Background discussions with some members of a broad-based committee of representatives of the two main coalition partners, the Pakistan People’s Party (PPP) and the Pakistan Muslim League (PML-N), and constitutional experts holding divergent views indicated that the final resolution of the crucial judges issue was expected to drag on further.
They say there is no harm in going beyond the cut-off date that PML-N Quaid Nawaz Sharif had announced, saying PPP Co-chairman Asif Zardari also agreed with it after their Dubai talks, if the coalition is to be kept intact.
According to these committee members, the sticking point continues to remain the same that had been stalling the restoration of the sacked justices — the mode of bringing them back either through a mere resolution passed by the National Assembly or through supplementary laws to be enacted after its approval. “If the deadline misses once again, as indications are it will, the PML-N will publicly grudge but would take solace in the fact that it is gaining politically,” one committee member remarked.

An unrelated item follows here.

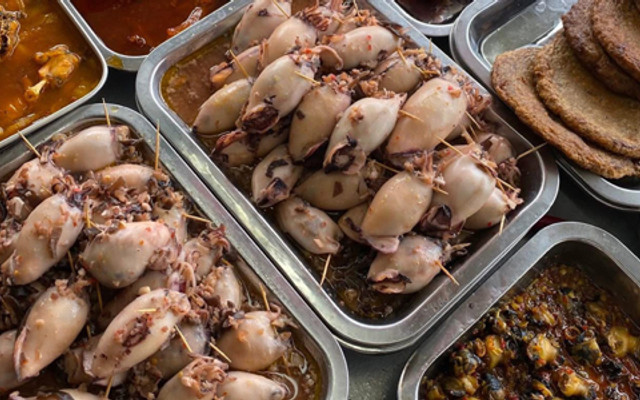 Quán Cơm Hồng - Trần Quý Cáp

He said notwithstanding its open threats to walk out of the coalition if the judges weren’t reinstated the PML-N was unlikely to go for the overkill, emasculating the ruling alliance, as it realised that such a consequence would strengthen and empower none but its archrival, President Pervez Musharraf.

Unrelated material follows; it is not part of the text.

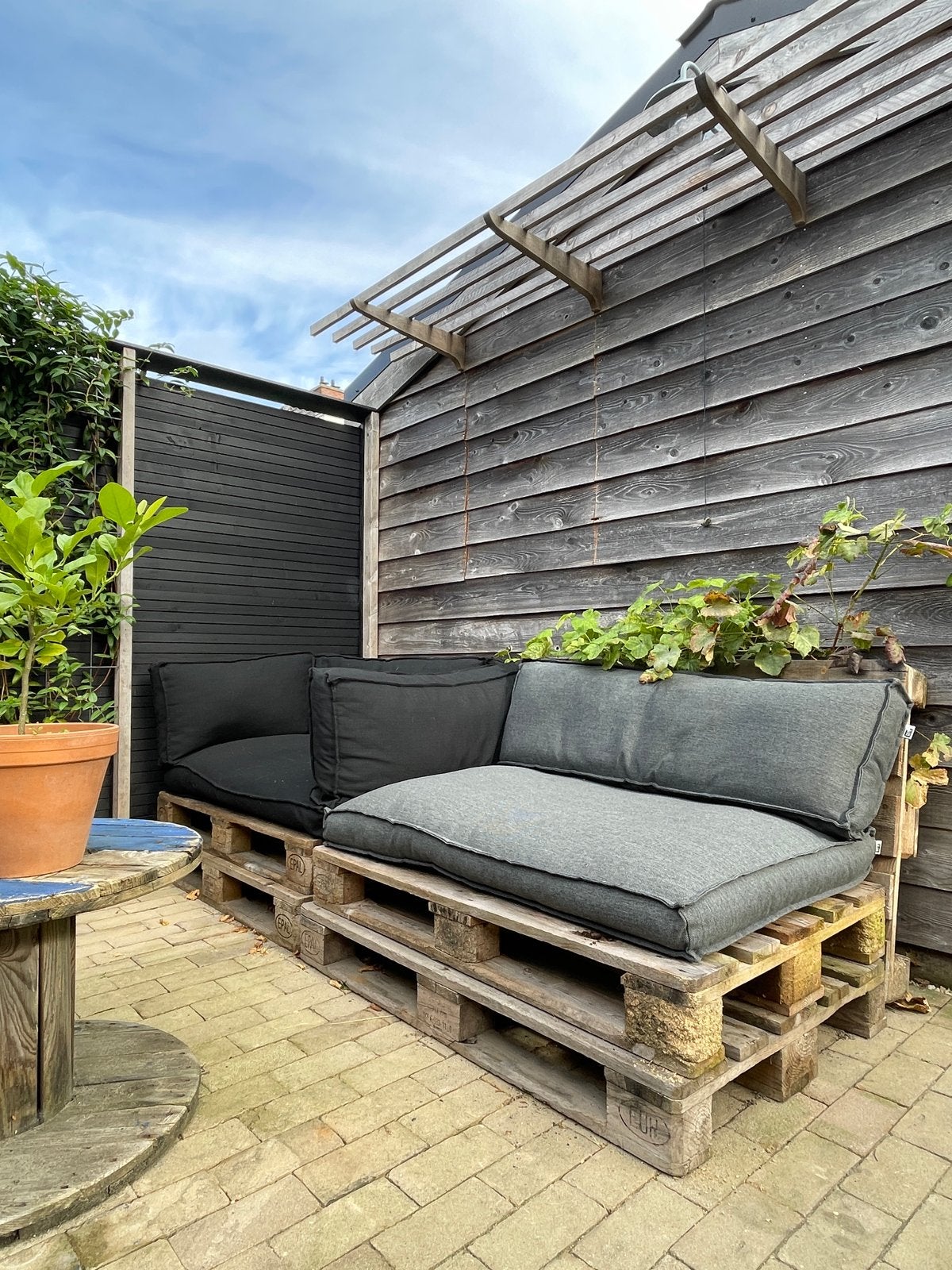 Pallet bank / loungeset met kussens en hoes, Ophalen, 4 zitplaatsen, Gebruikt, Loungeset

Zardari is likely to fly back home some time next week while the deadline expires on Monday. Nawaz Sharif is expected to return to Pakistan in the next couple of days. The PPP’s view is that the PML-N would not rock the coalition. However, informed PML-N leaders say their party would leave the alliance by the end of the current month but would not rescind its support to the federal government. They are fearful that if they totally de-link their party from the PPP, the leading Musharraf ally, the PML-Q, would get an opportunity to cash in on the situation.
The perception that inclusion of Barrister Abdul Hafiz Pirzada in the committee from nowhere was meant to give representation to Musharraf in it proved correct. Pirzada, who had been saying from day one that the sacked judges could not be restored through an executive order issued on the force of the National Assembly resolution, stuck to his views in the committee. Combined with his opinion was the similar PPP view that led to the lack of consensus in the body, necessitating the referral of the matter to Zardari and Nawaz Sharif once again.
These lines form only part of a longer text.